The Objective
Carlos Mayoral

Mira, mamá, soy antifranquista

«A nadie le importaba ya Franco, pero abominar de él resultaba tan poco arriesgado que a la moral ‘woke’ de cartón piedra le venía de perlas»

Opinión
Mira, mamá, soy antifranquista

Ilustración de Alejandra Svriz.

Rajar de Franco siempre fue un acto socorrido. Cuenta la anécdota que, cierto día, el dictador se topó con Fraga por los jardines de El Pardo. Sonreía el ministro sospechosamente. Franco se dirigió a él de manera rápida. “Oiga, don Manuel, ¿qué le hace sonreír tanto?”. Fraga, remolón, acentúa todavía más su mueca orgullosa. “Generalísimo, no recibimos críticas de periódicos americanos o europeos desde hace más de un mes”. Dicen que Franco, ya relajado, le dio una palmadita en el hombro: Eso significa que algo estamos haciendo mal. ¡Averigüe qué es!“.

Por tanto, efectivamente, criticar a Franco era tan pertinente como mainstream. Gracias a la Transición, Franco quedó atrás, porque sólo dejando atrás todo lo que desagradablemente había destruido el país podía la sociedad seguir funcionando. La cosa salió bien. Los hijos y los nietos de quienes se mataron décadas atrás se abrazaban sin saber a qué bando le debió su apellido obediencia. Creció el país por todas sus vertientes: social, económica, cultural, educativa, artística y en cualquier otra que al lector se le ocurra. Mérito de una sociedad madura, por supuesto; pero también de una clase política responsable y sin rencores.

«Para la gente joven de hoy, Franco ha desaparecido. Ya no es que lo aparten; es que directamente lo desconocen»

Ahora bien, reconozco que, en tiempos de Zapatero, este que les escribe cumplía sus 15 primeros años, es decir, transitaba por esa edad en que se cree saber lo que no se sabe. Recuerdo perfectamente cómo resucitó Franco, pese a que para nosotros nunca había estado vivo. Recuerdo cómo empezó a ser una marca moral el mero hecho de colocarse en contra. Recuerdo la estatua del dictador en Nuevos Ministerios rodeada de valientes chavalines que llevaban a cabo honrosas escenas de riesgo arrojando huevos al caballo.
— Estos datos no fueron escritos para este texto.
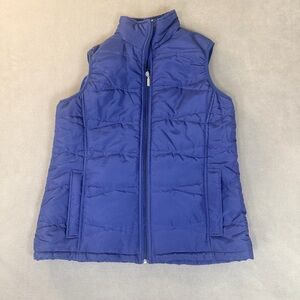 Jane Ashley Women’s Blue Puffer Vest- Full Zip - Pockets- Petite Large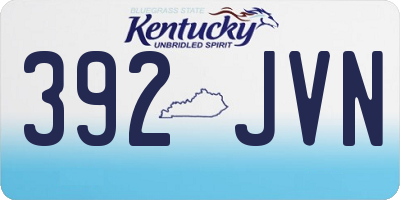 KY license plate 392JVN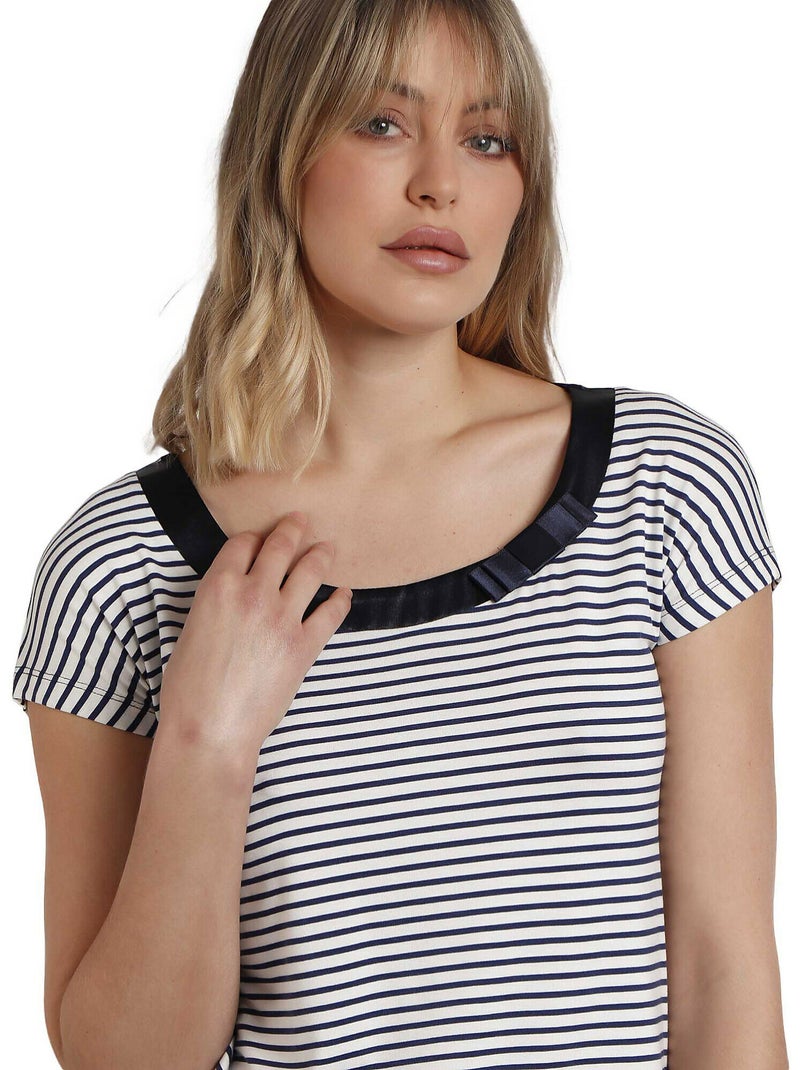 Maglietta a righe a maniche corte da donna ADMAS 2 Blu marino - Kiabi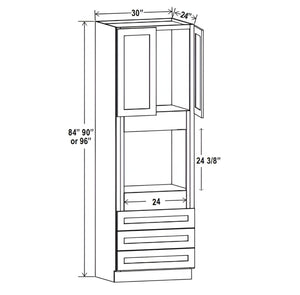 Smokey Ash- 30"W Oven Pantry Cabinet with Three Drawer
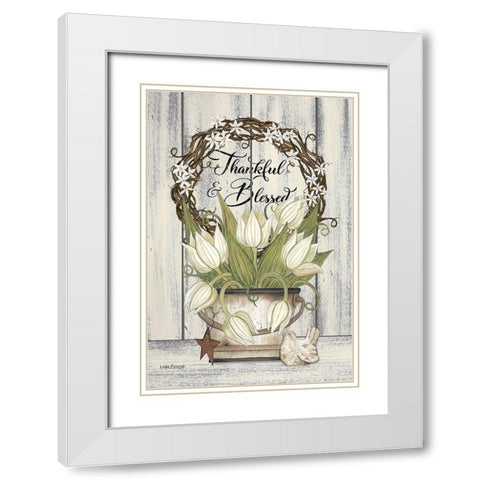 Thankful And Blessed White Modern Wood Framed Art Print with Double Matting by Spivey, Linda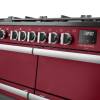Rangemaster Professional Deluxe 110 Bordeaux Dual Fuel Range Cooker close-up view of control knobs and LED touch display fascia
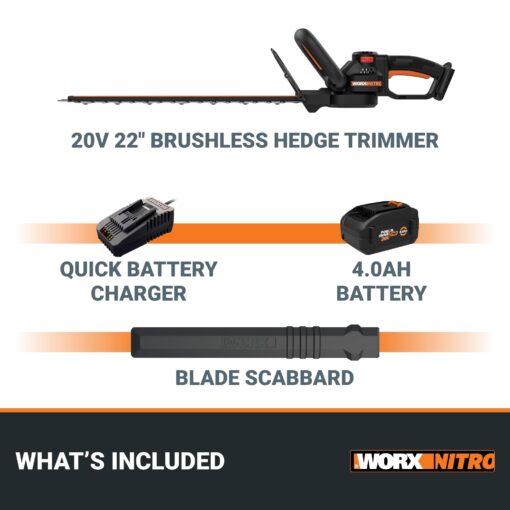 WORX Nitro 20V 22" Hedge Trimmer Cordless, Lightweight Cordless Hedge Trimmer with Dual-Action Blades 3400 SPM, Brushless PowerShare Bush Trimmer Cuts Branches 1" Thick – Battery & Charger Included - Image 5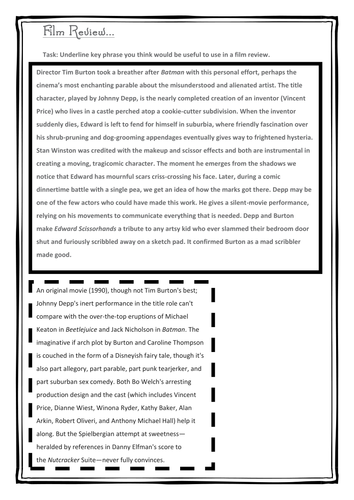 Movie review essay sample picture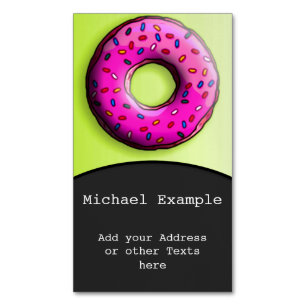 Pinky Donut with colorful sprinkles + your ideas Magnetic Business Card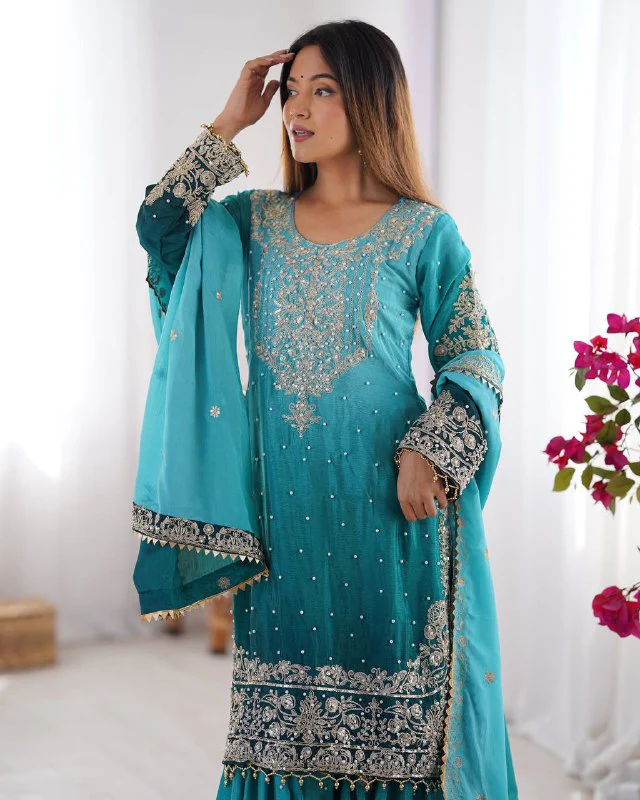 Luxury Chinnon Silk Suit Set with Dori & Moti Embroidery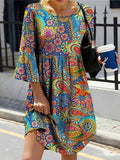 Elegant Lady 3/4 Sleeve Loose A-Line Dress Vintage Printed Waist Beach Dress Vestidos Women Retro O-Neck Mini Boho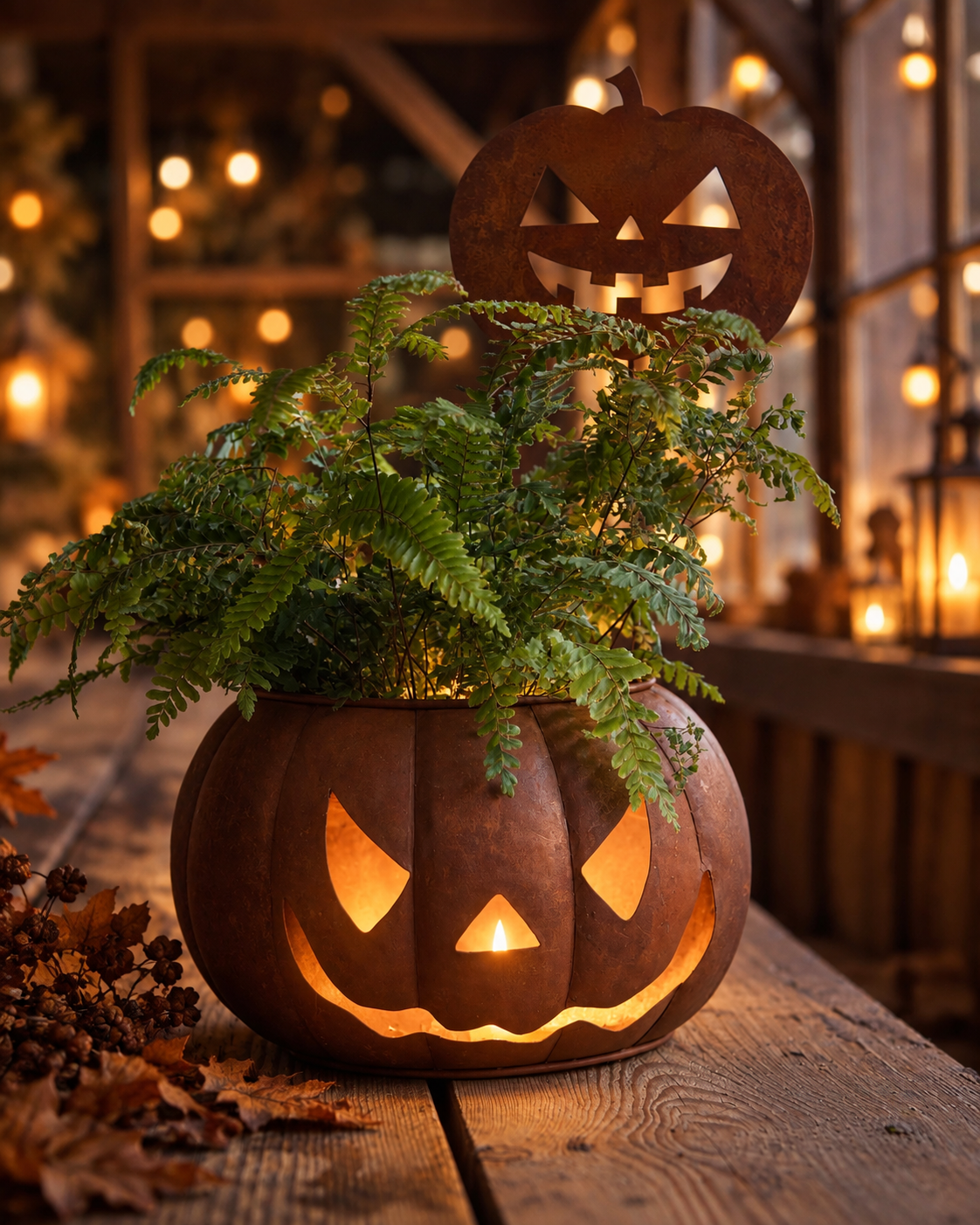 Pumpa Lykta Rost - 25x16 cm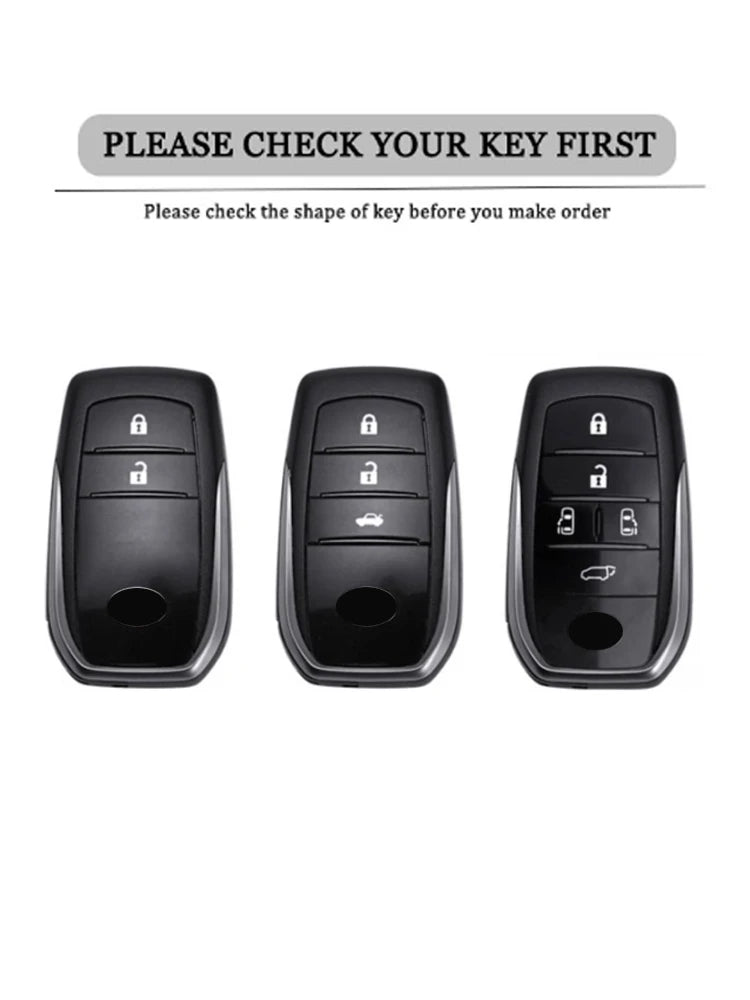 New Zinc Alloy Leather Car Key Case Cover Shell For Toyota CHR Hilux Fortuner Land Cruiser 200 Camry Corolla Crown RAV4 Highland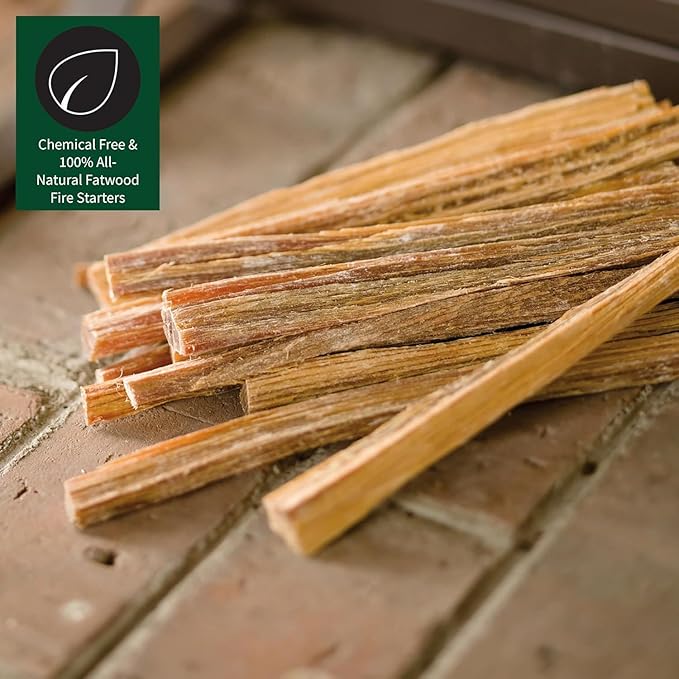 Plow & Hearth 2 LBS Fatwood Fire Starter Sticks Organic Kindling, Easy Ignition Fat Wood, All Natural Firestarters for Fire Pit, Wood Stoves, Fireplaces, Campfires, Bonfires, BBQ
Recuerdo a temerarios adalides de la moral derribando los nombres de las calles de aquellos generales que nunca supimos que fueran tal cosa. Y luego, claro, la Ley de Memoria Histórica, el colofón a aquella revuelta moral chusquera en los jóvenes.

Algo más mayor me pilla ya aquella historia del 15-M, de Podemos, y de todas aquellas asambleas donde el franquismo era un comodín para alentar a las masas. La tierra que había arado Zapatero daba poco a poco sus frutos, y una caterva de políticos los recogían con no poco gusto. Creo que ahí se alcanzó la cúspide del antifranquismo: a nadie le importaba ya Franco, pero abominar de él resultaba tan poco arriesgado que a la moral woke de cartón piedra le venía de perlas. Mira, mamá, soy antifranquista.

Sin embargo, han pasado los años, y la verdad asoma. Lo cierto es que, si uno se junta con la gente joven de hoy, Franco ha desaparecido. Ya no es que lo aparten, como mi generación; es que directamente lo desconocen. Para ellos, ese tal Francisco Franco es como Primo de Rivera padre, como Zumalacárregui, como Daoiz, qué sé yo. Uno de esos que dan guerra en el libro de historia. Las novelas que generan discordia entre los dos bandos ya no venden centenares de miles de copias, películas al respecto creo que ni siquiera se estrenan. La prueba es que, en los actos del 50 aniversario de la muerte del dictador, no ha habido ni chicha ni limoná, más allá de regar con unos eurillos a ciertos amigos sanchistas. De Franco nada queda, y bien está lo que bien acaba.